Ingredients:
- 4 medium Yukon Gold potatoes (about 8 ounces / 225g each), peeled and trimmed into cylinders (approx. 2 inches/5cm tall)
- 2 tablespoons olive oil (30ml)
- 4 tablespoons unsalted butter (56g)
- 2 sprigs fresh thyme
- 1 clove garlic, lightly crushed
- 1 cup (240ml) chicken or vegetable stock
- Salt and freshly ground black pepper, to taste
- Fresh parsley, chopped (optional)
Instructions:
- Peel and trim potatoes into cylinders. Season generously with salt and pepper.
- Heat olive oil in the skillet over medium-high heat. Add potatoes, flat sides down. Sear until golden brown on both sides (about 5-7 minutes per side).
- Add butter, thyme, and garlic to the pan. Once butter is melted and fragrant, pour in the chicken or vegetable stock.
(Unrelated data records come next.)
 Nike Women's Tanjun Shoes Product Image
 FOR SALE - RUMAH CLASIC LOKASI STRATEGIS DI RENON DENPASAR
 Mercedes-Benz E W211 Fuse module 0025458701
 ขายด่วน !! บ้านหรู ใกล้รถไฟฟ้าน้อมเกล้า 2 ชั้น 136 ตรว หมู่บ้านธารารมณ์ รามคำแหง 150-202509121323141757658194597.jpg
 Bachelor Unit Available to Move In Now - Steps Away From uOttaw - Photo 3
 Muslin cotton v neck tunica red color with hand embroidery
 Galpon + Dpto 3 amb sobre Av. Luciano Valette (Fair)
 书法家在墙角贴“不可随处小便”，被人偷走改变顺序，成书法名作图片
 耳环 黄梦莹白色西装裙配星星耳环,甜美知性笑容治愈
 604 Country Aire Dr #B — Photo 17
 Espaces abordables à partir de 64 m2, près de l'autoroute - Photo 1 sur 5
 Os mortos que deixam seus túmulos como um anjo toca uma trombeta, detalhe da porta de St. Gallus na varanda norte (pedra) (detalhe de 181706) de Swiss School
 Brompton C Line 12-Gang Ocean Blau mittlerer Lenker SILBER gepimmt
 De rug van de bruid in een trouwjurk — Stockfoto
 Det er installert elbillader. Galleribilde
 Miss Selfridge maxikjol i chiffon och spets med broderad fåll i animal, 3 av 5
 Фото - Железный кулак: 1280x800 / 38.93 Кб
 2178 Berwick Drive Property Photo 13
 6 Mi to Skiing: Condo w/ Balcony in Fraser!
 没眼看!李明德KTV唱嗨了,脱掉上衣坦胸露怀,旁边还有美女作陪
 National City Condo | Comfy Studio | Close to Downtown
- Bring the stock to a simmer, then reduce heat to low, cover the skillet (or transfer to an oven preheated to 350°F/175°C if your skillet isn't oven-safe). Braise for 20-25 minutes, or until the potatoes are fork-tender and the liquid has mostly reduced to a glaze. Baste the potatoes with the pan juices occasionally.
- Remove the thyme sprigs and garlic clove. Season the pan sauce to taste. Garnish with fresh parsley (optional). Serve immediately. Enjoy your delicious fondant potatoes!